4 Indian Hermits That Changed The World…

4 Indian Hermits That Changed The World

Hermit Power

More than any other place in the world, it seems, India relies on its sages and hermits to be the messengers of spiritual revelation.

It seems like they’re just waiting for the time to pass by until the next great guru or spiritual warrior comes along and shakes things up.

But the interesting thing is that this list of earth-shakers doesn’t need to be in the spotlight in order to bring about change; most of them lived secluded lives, or gained their wisdom from deep seclusion.

SEE ALSO: Understanding Vedic Astrology



One could say that sage Vyāsa is one of the most important figures in Indian history.

That’s because he authored some of the most important Hindu texts of all time.

Vyāsa restructured the Vedas into 4 parts, making it easier to understand and digest; before that, it was simply one long text.

He’s the author of the Mahabharata, as well as one of the principle characters in it.

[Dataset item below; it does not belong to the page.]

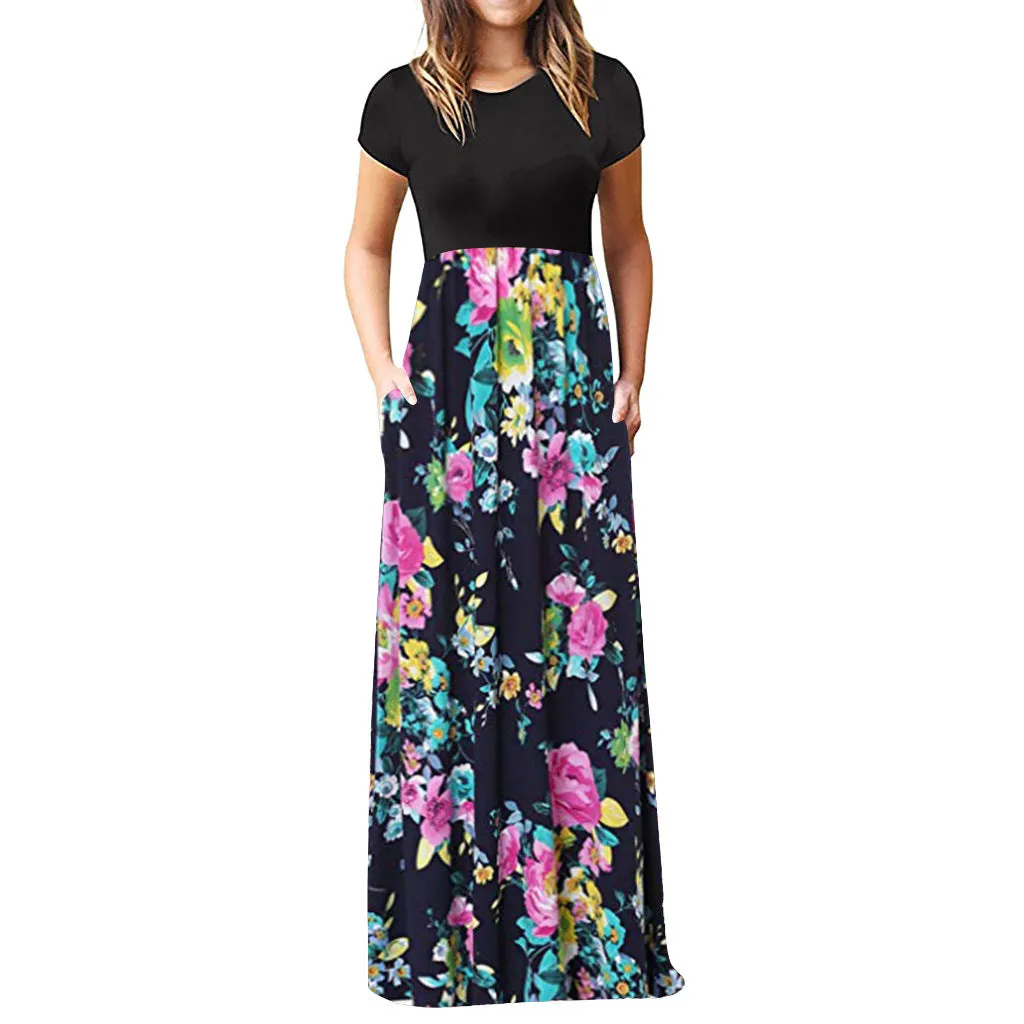 Short-sleeved Printed Other Long Skirt Color Dress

And he also contributed to the Puranas.

Talk about a resume’! This guy accomplished some serious feats in his life.

These books are still read and studied today, even after 2,500 years since his lifetime.

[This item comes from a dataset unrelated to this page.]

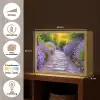Bloemen - Pad - lavendel - Tuin Light Box met batterij (Wandlamp) middel -USP_websiteoverzichtNL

The life of Buddha almost need not be mentioned to westerners because everyone knows that his contribution was invaluable to the world.

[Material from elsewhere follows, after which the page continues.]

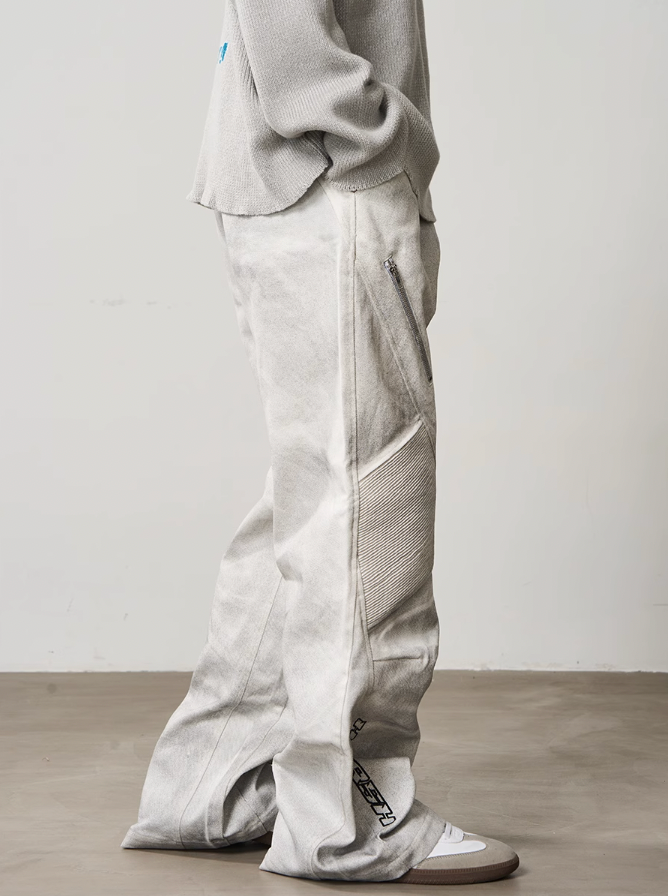 Harsh and Cruel Racing Embroidered Patchwork Trousers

Working tirelessly to end suffering everywhere, Buddha’s teachings became a beacon to billions of spiritual seekers for its accessibility and lack of dogma.

And while it’s true Buddha traveled giving speeches and helping others, he spent much his life in deep seclusion in the forest.

Promoting the middle path free of extremes, Buddha taught that anyone could attain enlightenment provided they lived righteously and dutifully, regardless of caste.

Adi Shankaracharya


Adi Shankara is one of the most revered philosophers in India’s history.

He created the doctrine the Advaita Vedanta, a sub-school of Vedanta. He wrote many commentaries on the Vedas and Upanishads which still continue to influence most of Hinduism today.



Today, one cannot take a yoga teacher training course without reading or understanding Patañjali and his contribution to Hinduism and the world.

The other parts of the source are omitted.